Leon's franchisees operate as independent owners. The Company charges the franchisee a royalty fee based primarily on a percentage of the franchisees' gross sales. This royalty income is recorded by the Company on an accrual basis under the heading "Other income" and is down 6.3% year to date for 2009 compared to 2008 which is in line with the decrease in franchise sales for the year.

Volume Rebates

The Company receives vendor rebates on certain products based on the volume of purchases made during specified periods. The rebates are deducted from the inventory value of goods received and are recognized as a reduction of cost of goods sold as sales occur.

Changes in Accounting Policy

Accounting Standards Implemented in 2009

Section 3064 - Goodwill and Intangible Assets

Effective January 1, 2009, the Company adopted the new CICA accounting standard entitled, Section 3064 "Goodwill and Intangible Assets". Section 3064 establishes standards for the recognition, measurement, presentation and disclosure of goodwill and intangible assets. The adoption of CICA 3064 had no impact on the Company's consolidated financial statements.

Credit Risk and Fair Value of Financial Assets and Financial Liabilities

In January 2009, the CICA issued Emerging Issues Committee Abstract 173, "Credit Risk and the Fair Value of Financial Assets and Financial Liabilities" ("EIC-173"), effective for interim and annual financial statements ending on or after January 2009. EIC-173 provides further information on the determination of the fair value of financial assets and financial liabilities under Handbook Section 3855, "Financial Instruments - Recognition and Measurement." It states that an entity's own credit and the credit risk of the counterparty should be taken into account in determining the fair value of financial assets and financial liabilities, including derivative instruments. The adoption of this standard did not have any impact on the Company's results of operations or financial position.

Pending Changes to Accounting Policy

International Financial Reporting Standards ("IFRS")

In March 2009, the Accounting Standards Board ("AcSB") issued its exposure draft "Adopting IFRS in Canada, II" which reconfirmed that publicly accountable enterprises are required to adopt IFRS for fiscal years beginning on or after January 1, 2011. Accordingly, the Company will be required to adopt IFRS on January 1, 2011, including interim periods in fiscal 2011. Comparative interim and annual information will be required for the year ending December 31, 2010.

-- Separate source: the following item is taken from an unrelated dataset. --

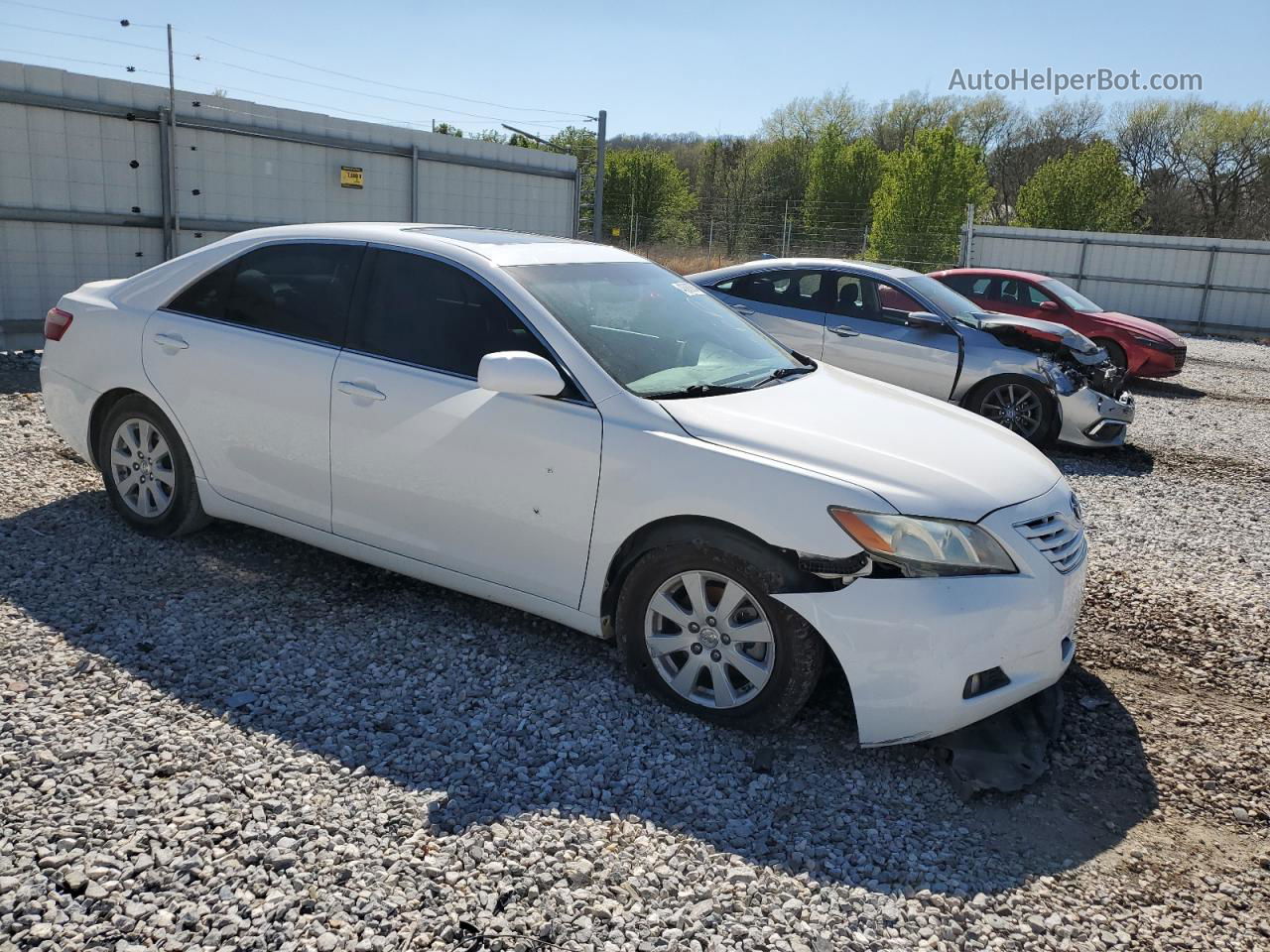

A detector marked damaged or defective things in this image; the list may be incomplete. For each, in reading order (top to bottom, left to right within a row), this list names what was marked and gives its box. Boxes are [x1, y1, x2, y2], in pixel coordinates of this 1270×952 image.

crushed red car [929, 268, 1183, 379]
damaged front bumper [1056, 385, 1135, 448]
damaged front bumper [774, 480, 1080, 746]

To meet these requirements, the Company has set up a conversion project that will be completed in two phases: (1) detailed impact analysis & development phase; and (2) solution development and implementation phase. These phases will often be in process simultaneously as they are applied to the individual standards. The Company has completed the diagnostic stage of the project and is currently working on the detailed impact analysis phase for all standards that affect the transition.

The initial scoping and planning for the conversion to IFRS, which commenced in the second quarter of 2009, involved the assignment of an internal project leader along with the identification of other key team participants and development of the overall project plan.

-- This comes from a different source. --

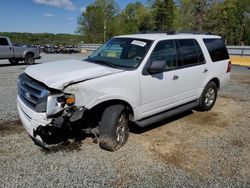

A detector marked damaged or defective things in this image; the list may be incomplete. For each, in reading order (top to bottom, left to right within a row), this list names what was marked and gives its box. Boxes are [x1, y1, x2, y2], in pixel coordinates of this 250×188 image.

crushed hood [24, 59, 124, 90]
front bumper damage [17, 95, 88, 147]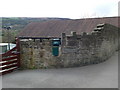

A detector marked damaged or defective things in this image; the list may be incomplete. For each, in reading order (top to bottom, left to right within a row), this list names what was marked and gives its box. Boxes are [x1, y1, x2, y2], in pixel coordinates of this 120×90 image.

rusty corrugated roof [18, 16, 119, 37]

The detailed impact analysis phase involves the in-depth review of IFRS versus Canadian GAAP to identify changes required as well as any areas involving choices or electives available to the Company. This phase will also result in the identification of the accounting policy changes that are required, the review and establishment of shell financial statements including new disclosure requirements, and additional staff training. This phase is well under way and will allow the Company to be in a position to determine the initial estimated impact on the financial statements. The estimated impact on the financial statements will be continually reassessed throughout 2010.

The next phase, solution development and implementation, will involve the rollout of required changes, as well as any system changes required to permit the compilation of financial statement data that is IFRS compliant. This phase will also involve updating the internal control over financial reporting. Certain attributes of this phase will continue throughout 2010. Post-implementation of the conversion to IFRS will involve monitoring to ensure that all financial data for fiscal 2011 and beyond continues to be IFRS compliant, as well as the testing of the internal control over financial reporting in an IFRS environment during 2011.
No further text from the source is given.